### Information supplied
——

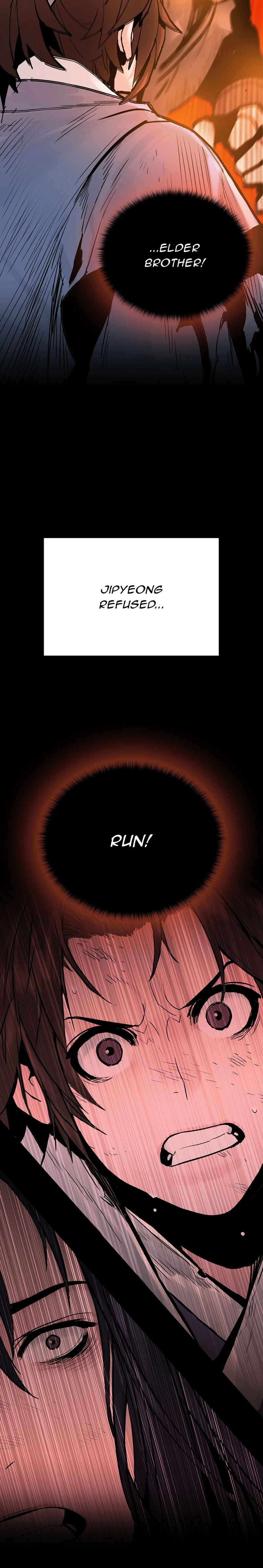 Dark and Light Martial Emperor Chapter 19 - Page 9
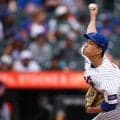 千賀滉大５戦連続無失点＆３戦連続セーブ「彼が自信を感じられるのは喜ばしい」グリーン監督代行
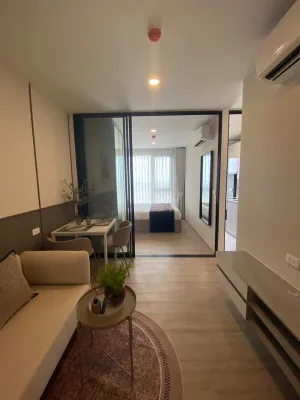 For Rent Condo , Origin Plug & Play Nonthaburi Station , MRT-Yaek Nonthaburi 1 , Bang Kraso , Mueang Nonthaburi , Nonthaburi , CX-165320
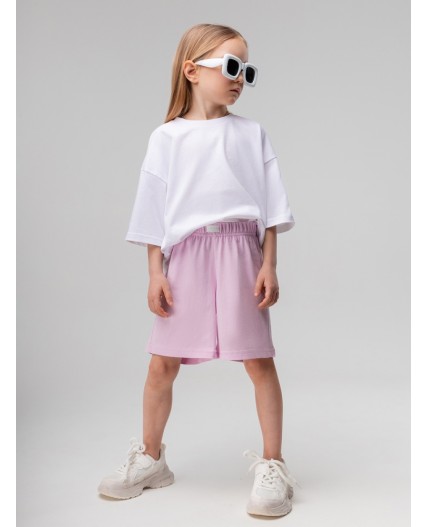 Футболка 4-461MU; белый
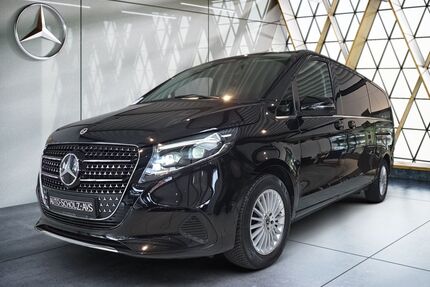 Mercedes-Benz V 300 Gebrauchtwagen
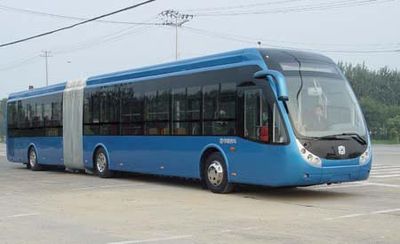 Zhongtong AutomobileLCK6180HGCity buses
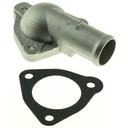 Caja de Termostato / Toma de Agua MotoRad CH2916
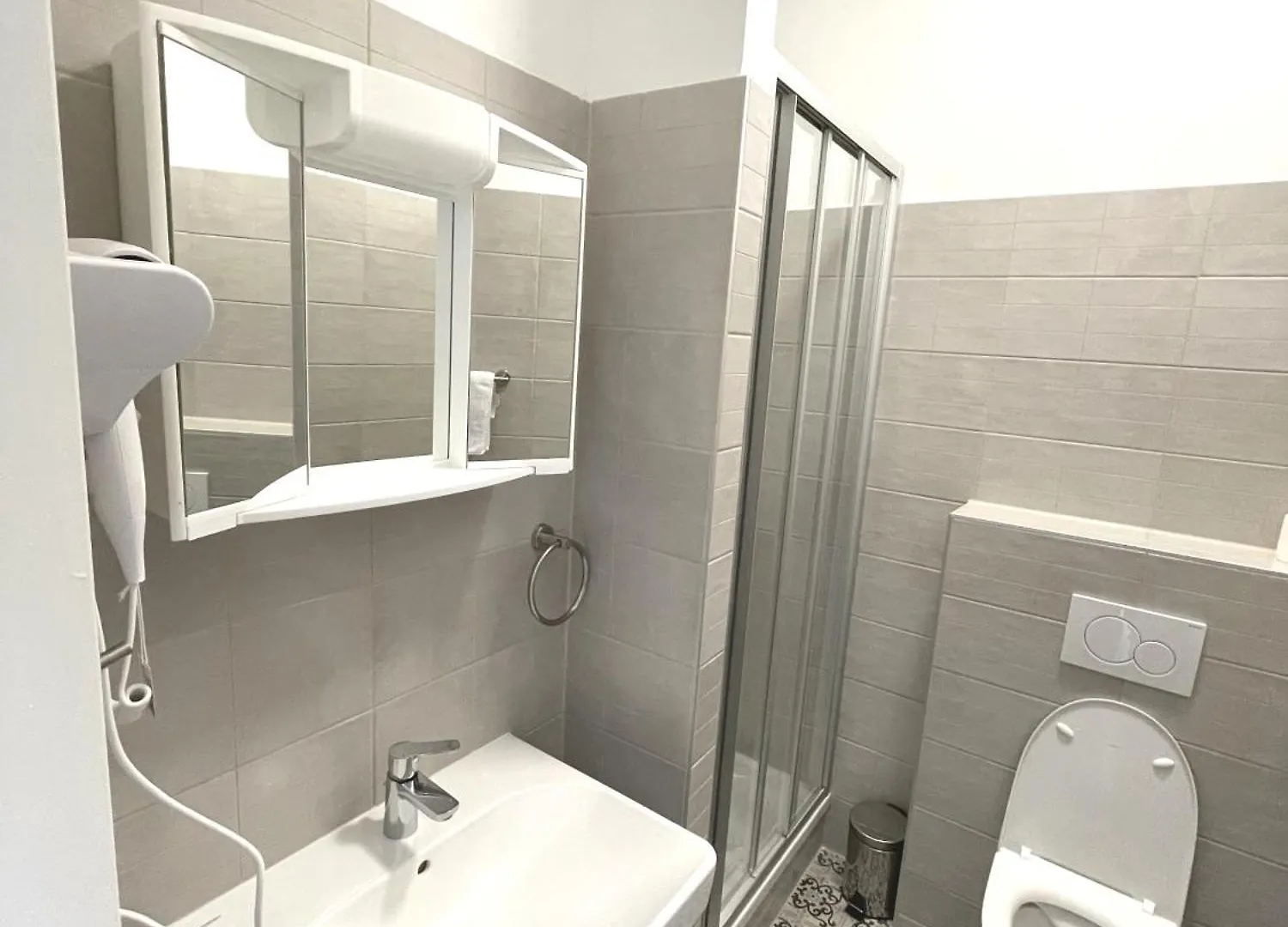 Mariahilf Citycenter Hotel Viyana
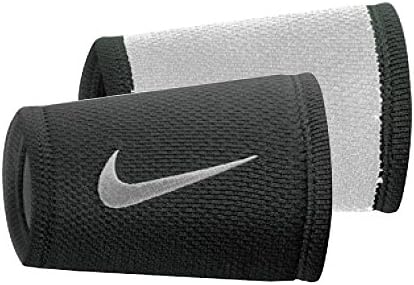 nike stealth doublewide wristbands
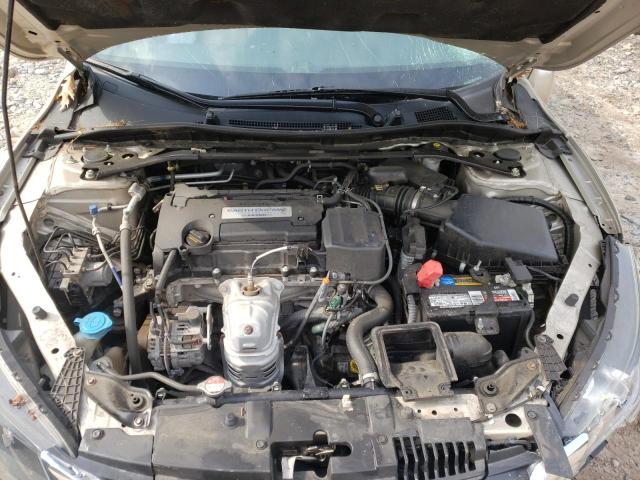 Photo 6 VIN: 1HGCR2F83FA117197 - HONDA ACCORD EXL 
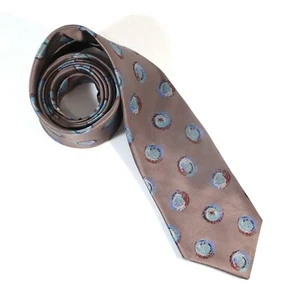 Cravatta uomo vintage Givenchy Monsieur - Foto 1 di 6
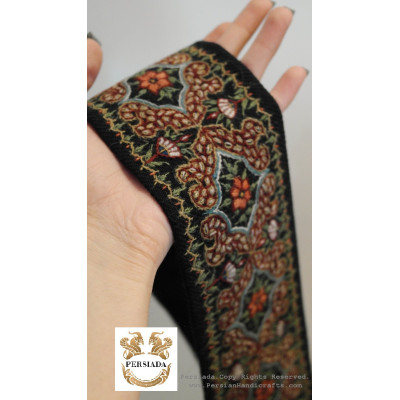 Traditional Belt | Pateh Needlework | PHP1023 Traditional Belt | Pateh Needlework | PHP1023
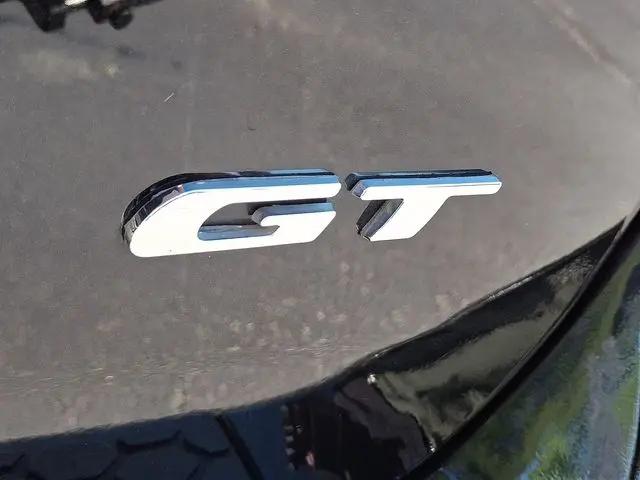 2021 Dodge Durango GT AWD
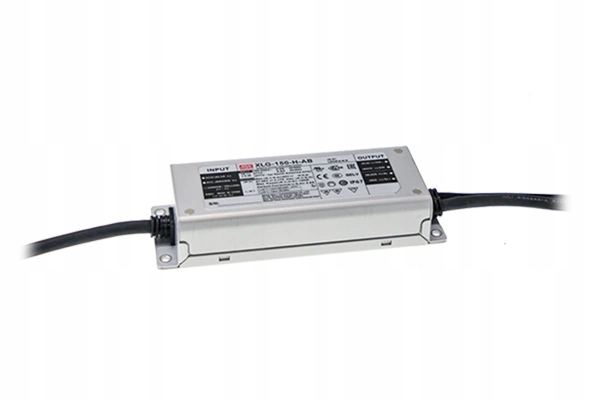 Led zdroj XLG-150-24-A 24V 150W Mean Well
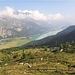 Lago di Silvaplana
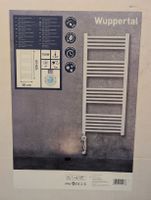 Wuppertal Elektro‑Badheizkörper – Neu & ungeöffnet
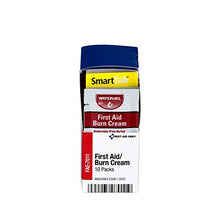 Load image into Gallery viewer, First Aid Only FAE-7011 SmartCompliance Refill Burn Cream, White, 10 Count, 1/32 oz. (.9 g)
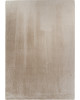 Ковер PX2001 - L.BEIGE - Прямоугольник - коллекция RABBIT LUXE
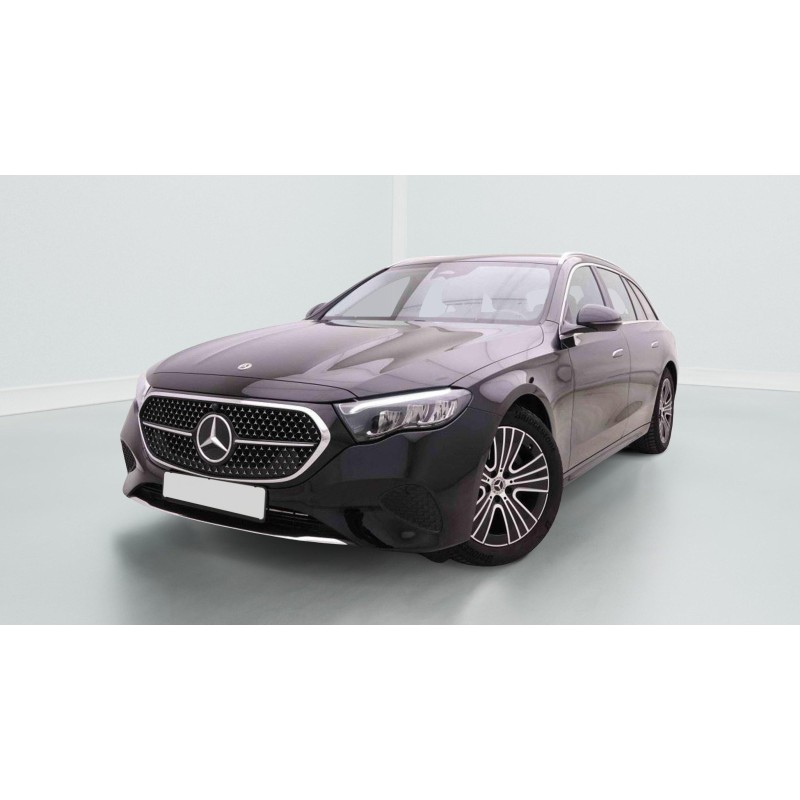 MERCEDES-BENZ CLASSE E BREAK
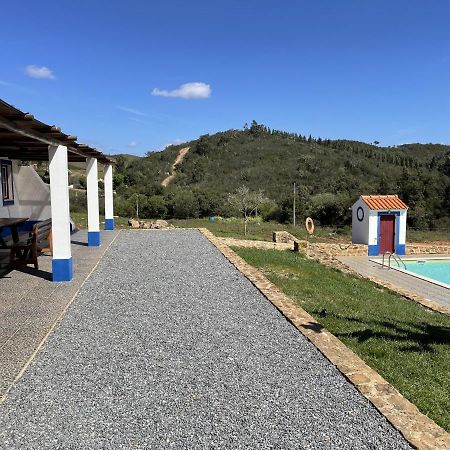 Monte Das Covas Sao Teotonio Exterior photo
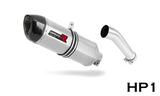 Dominator Exhaust Silencer ZX10R 2004-2005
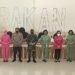 Yasti Sambut Kunjungan Kerja Pangdam XIII Merdeka dan Kapolda Sulut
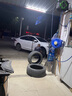 米其林（MICHELIN）汽車輪胎 215/55R17 94V 浩悅五代Primacy 5 適配大眾邁騰/帕薩特 曬單實(shí)拍圖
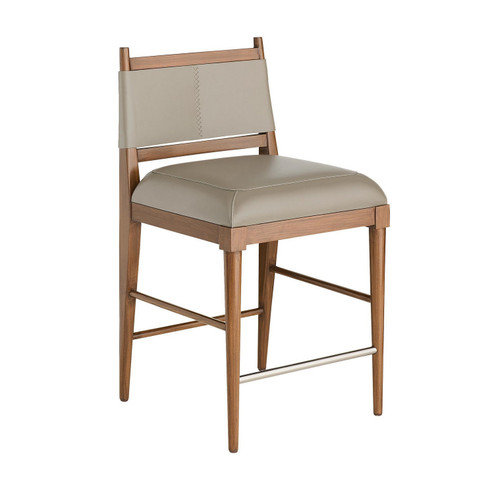 Keegan Counter Stool in Morel (314|FSI23)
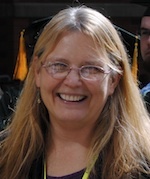 DeRose, Victoria J. 照片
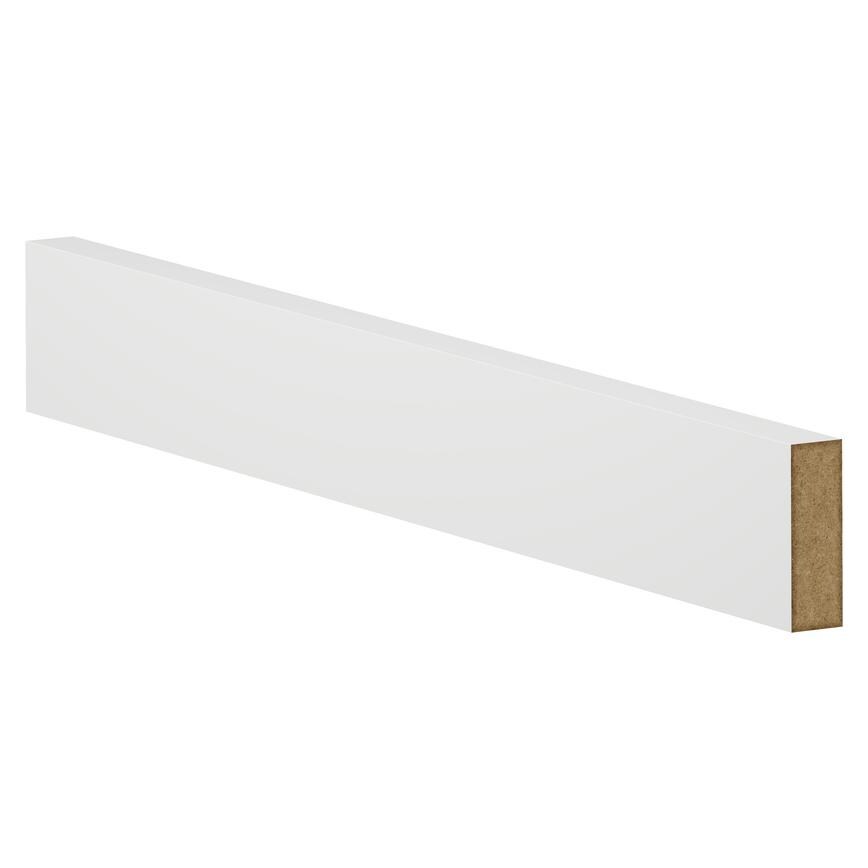 44mm Square Arch 14.5mm Architrave
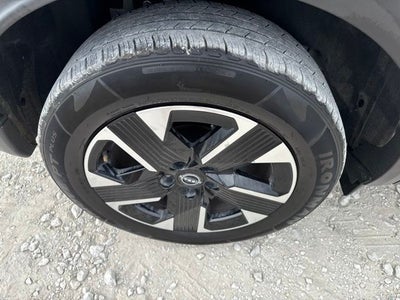 2025 Nissan Kicks SV Intelligent AWD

——

### Task statement
The lines to retype begin with the one containing "Lago di Silvaplana" and end with the last line of the records. Reproduce them exactly and omit the pictures.

### Response to the task
 Lago di Silvaplana
 Wuppertal Elektro‑Badheizkörper – Neu & ungeöffnet
 Load image into Gallery viewer, First Aid Only FAE-7011 SmartCompliance Refill Burn Cream, White, 10 Count, 1/32 oz. (.9 g)
 Ковер PX2001 - L.BEIGE - Прямоугольник - коллекция RABBIT LUXE
 MERCEDES-BENZ CLASSE E BREAK
 Monte Das Covas Sao Teotonio Exterior photo
 Dominator Exhaust Silencer ZX10R 2004-2005
 Yasti Sambut Kunjungan Kerja Pangdam XIII Merdeka dan Kapolda Sulut
 米其林（MICHELIN）汽車輪胎 215/55R17 94V 浩悅五代Primacy 5 適配大眾邁騰/帕薩特 曬單實(shí)拍圖
 Keegan Counter Stool in Morel (314|FSI23)
 DeRose, Victoria J. 照片
 44mm Square Arch 14.5mm Architrave
 2025 Nissan Kicks SV Intelligent AWD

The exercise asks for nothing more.